Classic Shell Scripting - Arnold Robbins [142]
function join(array, n, fs, k, s)
{
# Recombine array[1]...array[n] into a string, with elements
# separated by fs
if (n >= 1)
{
s = array[1]
for (k = 2; k <= n; k++)
s = s fs array[k]
}
return (s)
}
String Formatting
The last string functions that we present format numbers and strings under user control: sprintf( format,expression 1,expression 2 ,...) returns the formatted string as its function value. printf( ) works the same way, except that it prints the formatted string on standard output or redirected to a file, instead of returning it as a function value. Newer programming languages replace format control strings with potentially more powerful formatting functions, but at a significant increase in code verbosity. For typical text processing applications, sprintf( ) and printf( ) are nearly always sufficient.
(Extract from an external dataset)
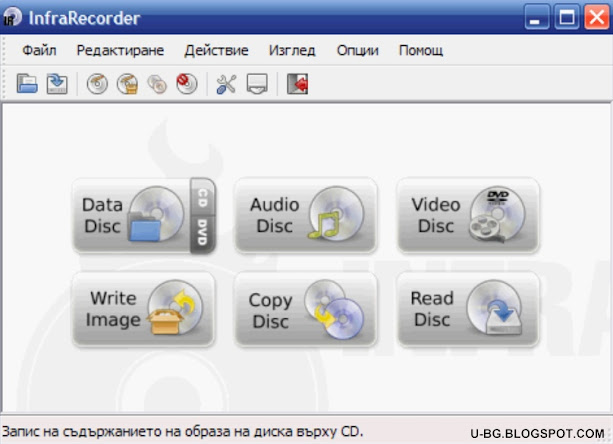 InfraRecorder безплатна програма за записване на дискове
printf( ) and sprintf( ) format strings are similar to those of the shell printf command that we described in Section 7.4. We summarize the awk format items in Table 9-4Table 9-4. These items can each be augmented by the same field width, precision, and flag modifiers discussed in Chapter 7.
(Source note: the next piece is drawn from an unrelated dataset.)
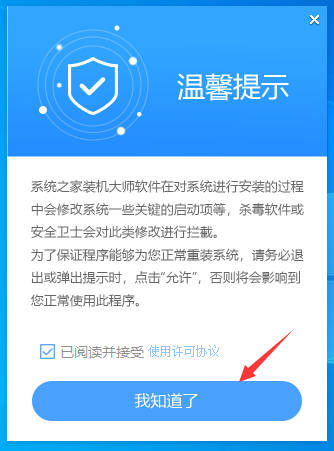 电脑配置不符合微软Win11升级要求怎么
The %i, %u, and %X items were not part of the 1987 language redesign, but modern implementations support them. Despite the similarity with the shell printf command, awk's handling of the %c format item differs for integer arguments, and output with %u for negative arguments may disagree because of differences in shell and awk arithmetic.
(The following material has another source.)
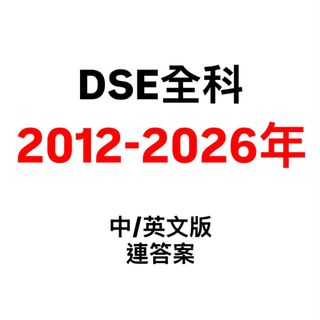 （分類：）位於 。 由 kairoooo 提交（商品編號 1456578599，圖片 1）。簡介： 。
Table 9-5. printf and sprintf format specifiers
Item
Description
%c
ASCII character. Print the first character of the corresponding string argument, or the character whose number in the host character set is the corresponding integer argument, usually taken modulo 256.
%d, %i
Decimal integer.
%e
Floating-point format ([-]d.precision e[+-]dd).
%f
Floating-point format ([-]ddd.precision).
%g
%e or %f conversion, whichever is shorter, with trailing zeros removed.
%o
Unsigned octal value.
%s
String.
%u
Unsigned value. awk numbers are floating-point values: small negative integer values are output as large positive ones because the sign bit is interpreted as a data bit.
%x
Unsigned hexadecimal number. Letters a-f represent 10 to 15.
%X
Unsigned hexadecimal number. Letters A-F represent 10 to 15.
%%
Literal %.
Most of the format items are straightforward. However, we caution that accurate conversion of binary floating-point values to decimal strings, and the reverse, is a surprisingly difficult problem whose proper solution was only found in about 1990, and can require very high intermediate precision. awk implementations generally use the underlying C library for the conversions required by sprintf( ) format items, and although library quality continues to improve, there are still platforms in which the accuracy of floating-point conversions is deficient. In addition, differences in floating-point hardware and instruction evaluation order mean that floating-point results from almost any programming language vary slightly across different architectures.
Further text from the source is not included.